Risk appetite is returning but has it matured?

22.03.2012
In the halcyon days of the early to mid-2000s, there was hunger for bold decisions by top companies, whether it was gobbling up other businesses, expanding or transforming their businesses.

During the more austere days of the post-financial crisis, the appetite for risk diminished. Instead of looking to acquire and grow the business, boards focused on building up their cash reserves ensuring liquidity and a buffer for future uncertain times.

Business, by its nature, cannot be shorn of risk and neither would business leaders, least of all CFOs -- despite their inherent caution -- want risk-free business, where's the fun in that?

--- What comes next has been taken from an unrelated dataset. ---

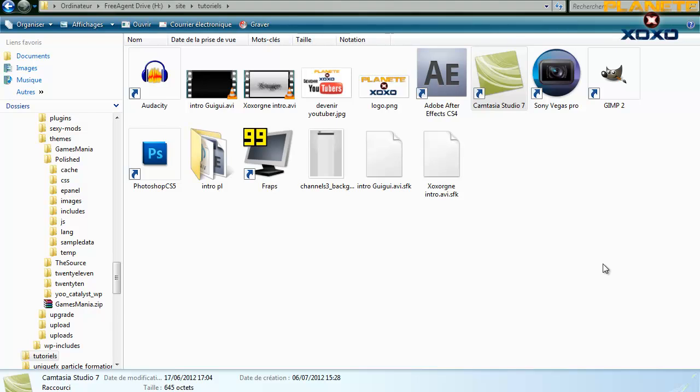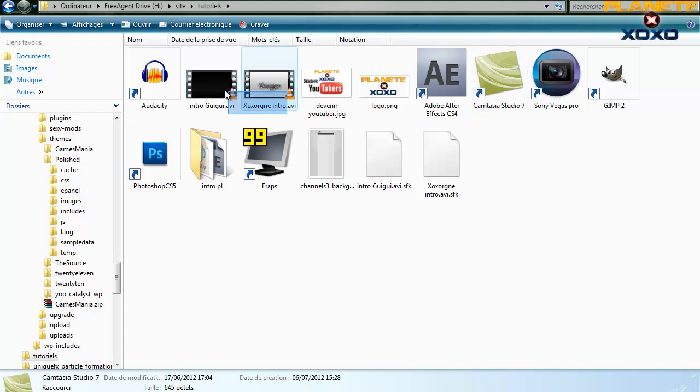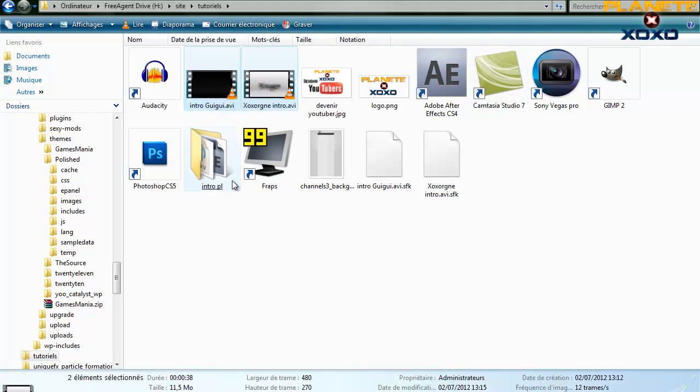Bonjour à tous et à toutes, c'est XOXORN de PlanetsUXO, et aujourd'hui on va partir pour notre premier tutoriel sur le logiciel Sony Vegas Pro. Je vais vous apprendre aujourd'hui à créer un petit fondu entre deux vidéos.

"Most experienced CFOs recognise you have to take risk to get returns," says Eddie Best, business risk partner at Grant Thornton.

Risk appetite may have lessened but of course it'll never disappear because although some industry sectors have suffered during their prolonged economic crisis, others have blossomed.

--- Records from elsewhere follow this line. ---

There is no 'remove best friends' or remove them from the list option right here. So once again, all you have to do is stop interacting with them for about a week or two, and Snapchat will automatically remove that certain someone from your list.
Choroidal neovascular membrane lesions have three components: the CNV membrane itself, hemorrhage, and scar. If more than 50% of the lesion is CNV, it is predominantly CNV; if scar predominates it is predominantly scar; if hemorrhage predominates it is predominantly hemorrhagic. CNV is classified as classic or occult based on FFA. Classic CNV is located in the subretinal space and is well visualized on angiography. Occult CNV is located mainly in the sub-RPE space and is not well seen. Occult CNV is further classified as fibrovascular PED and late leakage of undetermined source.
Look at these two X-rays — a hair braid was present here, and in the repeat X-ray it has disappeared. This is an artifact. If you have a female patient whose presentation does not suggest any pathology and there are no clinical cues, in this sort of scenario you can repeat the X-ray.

This hunger is most apparent in the commodities market, with the mooted merger of Glencore and Xstrata the highest profile of a series of mergers and acquisitions taking place. In the oil and gas industry, Shell's potential £1 billion acquisition of Mozambique-based Cove Energy demonstrates an awakening of this hunger. The big question on CFO's lips is when, not if, the resurgence in activity will come.